- Opening of the hematological arm of the CAR-T NKR-2 THINK trial with first Multiple Myeloma patient.
- No toxic events reported in patients enrolled in the solid arm of the study so far.
Mont-Saint-Guibert, Belgium – Celyad (Euronext Brussels and Paris, and NASDAQ: CYAD), a leader in the discovery and development of engineered cell-based therapies, today announced a further step in the CAR-T NKR-2 THINK trial with the registration of a first refractory Multiple Myeloma patient. This patient is expected to receive the first dose-level (3×108 CAR-T NKR-2 cells) in the coming weeks, opening the first cohort of the hematological arm of the study.

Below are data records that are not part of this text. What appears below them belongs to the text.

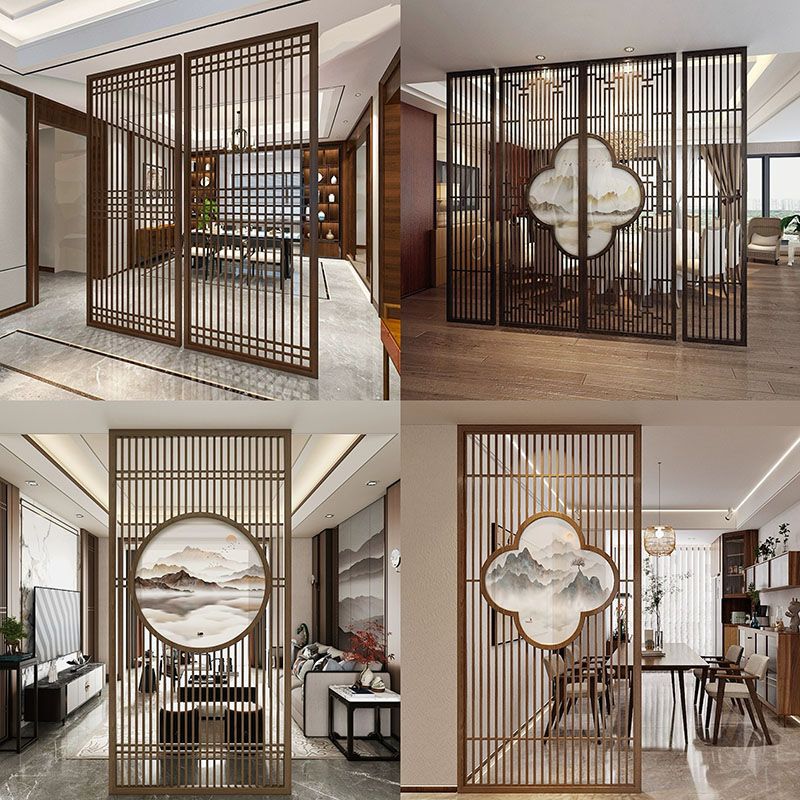 Antique-Style Door and Window Entrance Screen Partition for Living Room, Solid Wood Lattice Carved Window, New Chinese-Style Grille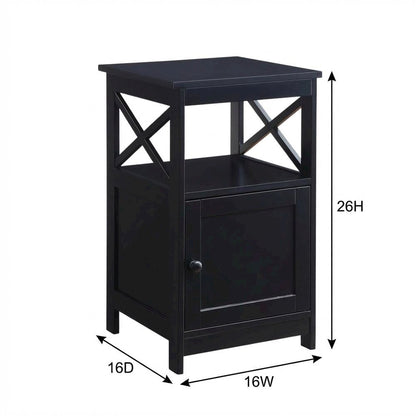 Wooden End Table with Cabinet for Living Room or Bedroom Use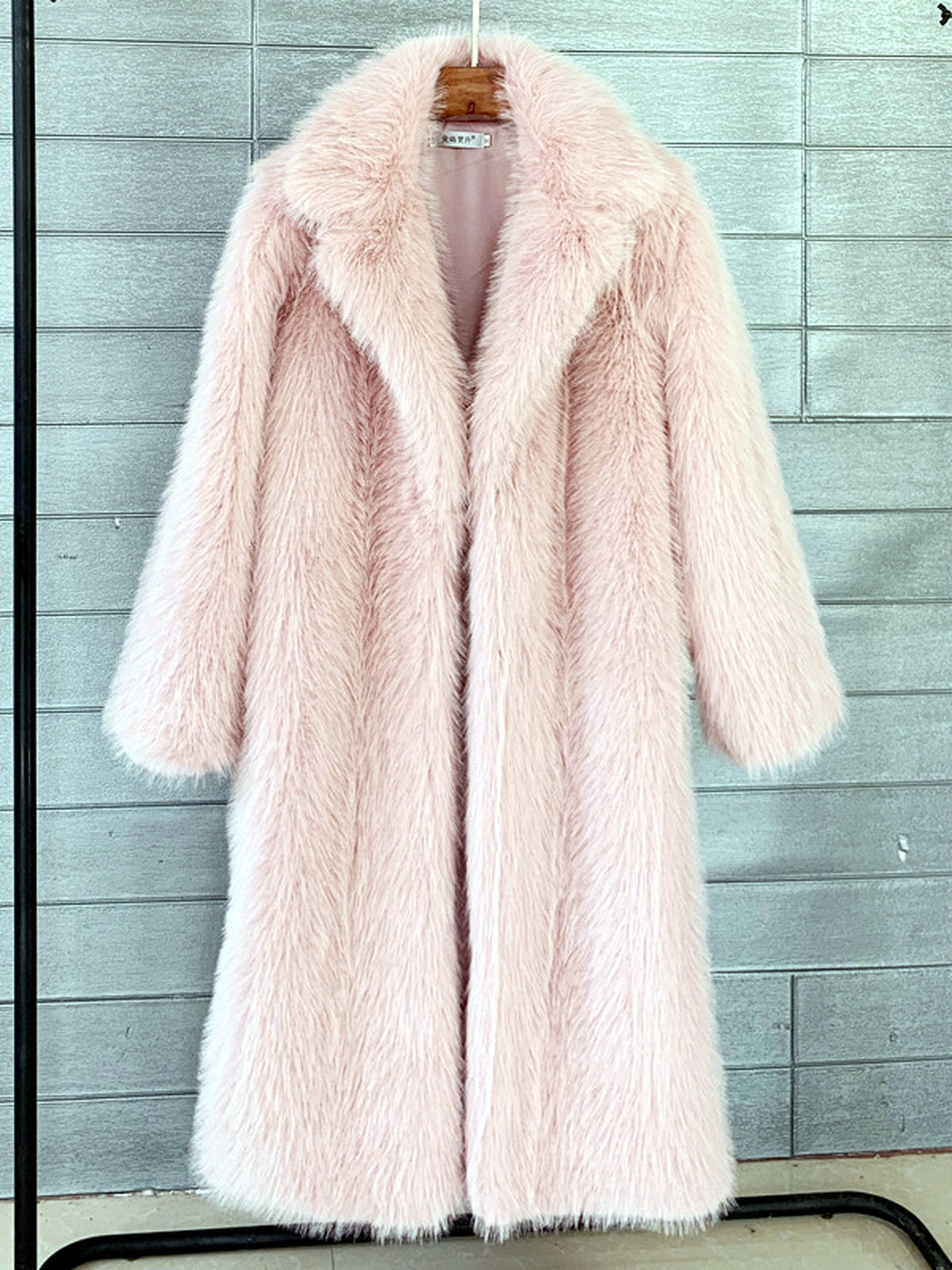 Women's Faux-Fur Notched-Lapel Long-Sleeve Longline Coat in Red - product view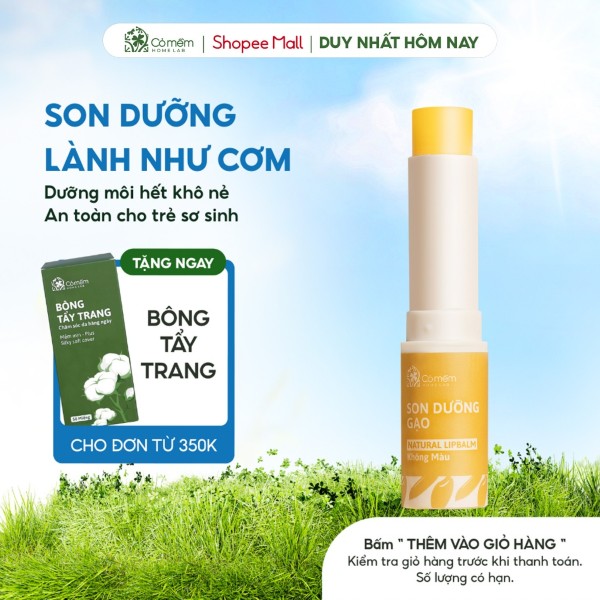 Son dưỡng gạo Cỏ Mềm với thành phần thiên nhiên – Lành đến mức có thể ăn được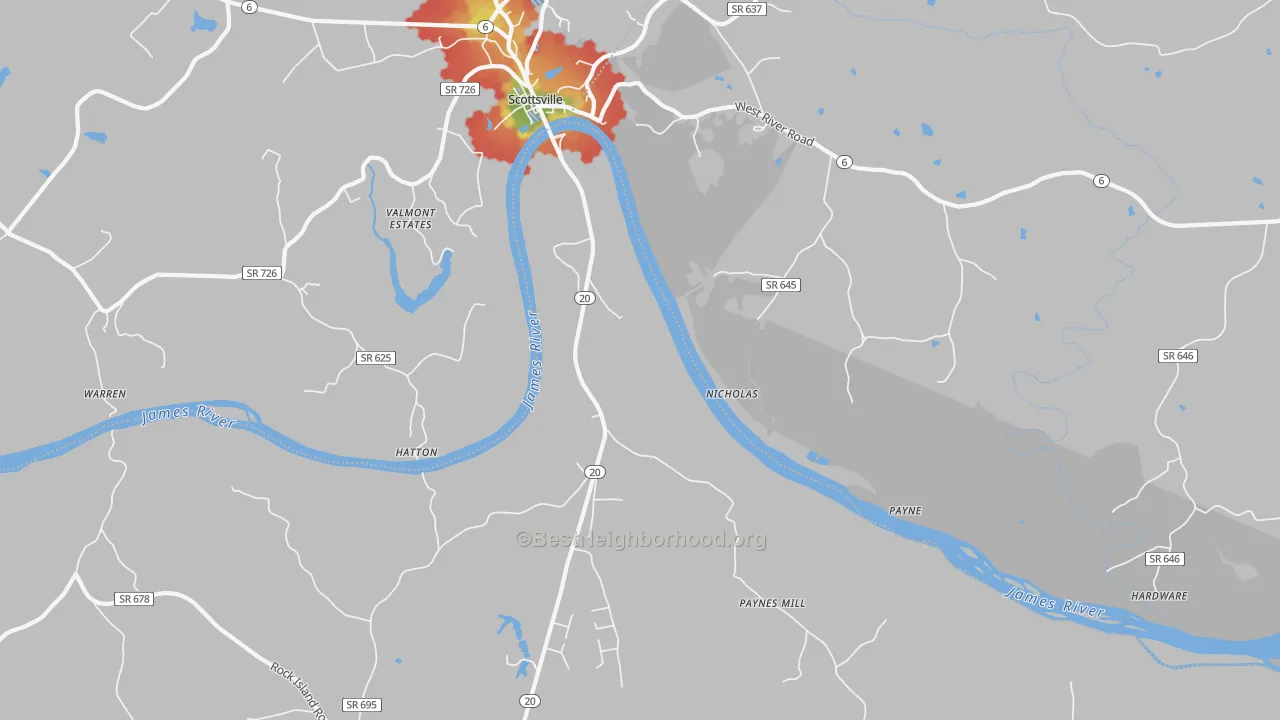 Walk Grade map of Hatton, VA, walkable areas in green and car-dependent areas in red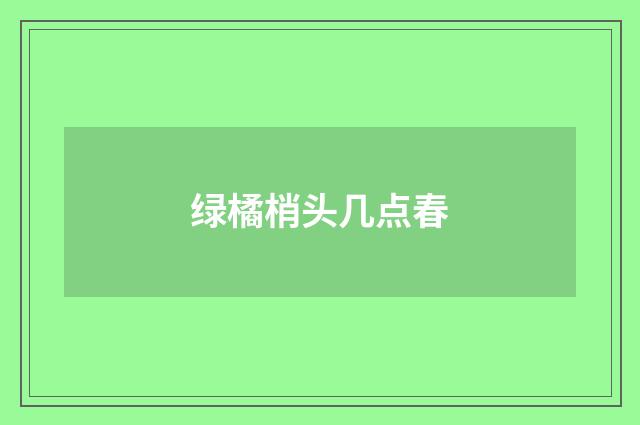 绿橘梢头几点春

“Following the registration of three patients in solid indications, the THINK trial is now following on from our previous NKR-2 Phase I trial which demonstrated the safety and signs of efficacy of CAR-T NKR-2 cells in cancer patients suffering from hematological cancers,” said Christian Homsy, CEO of Celyad. “We now look forward to enrolling patients suffering from AML or MM into the hematological arm of THINK and we hope that the related results will be as encouraging as they have been so far with lower dose levels.”
“Multiple Myeloma causes approximately 10% of all hematologic malignancies, and while efficient treatments are available, most patients will eventually relapse. Celyad has generated breakthrough preclinical data in murine models, leading to 100% long-term survival. The enrollment of a first refractory Multiple Myeloma patient demonstrates the consistency of our clinical approach and highlights the unique ability of our CAR-T NKR-2 technology to target both solid and hematological malignancies” remarked Dr. Frédéric Lehmann, VP Clinical Development and Medical Affairs at Celyad.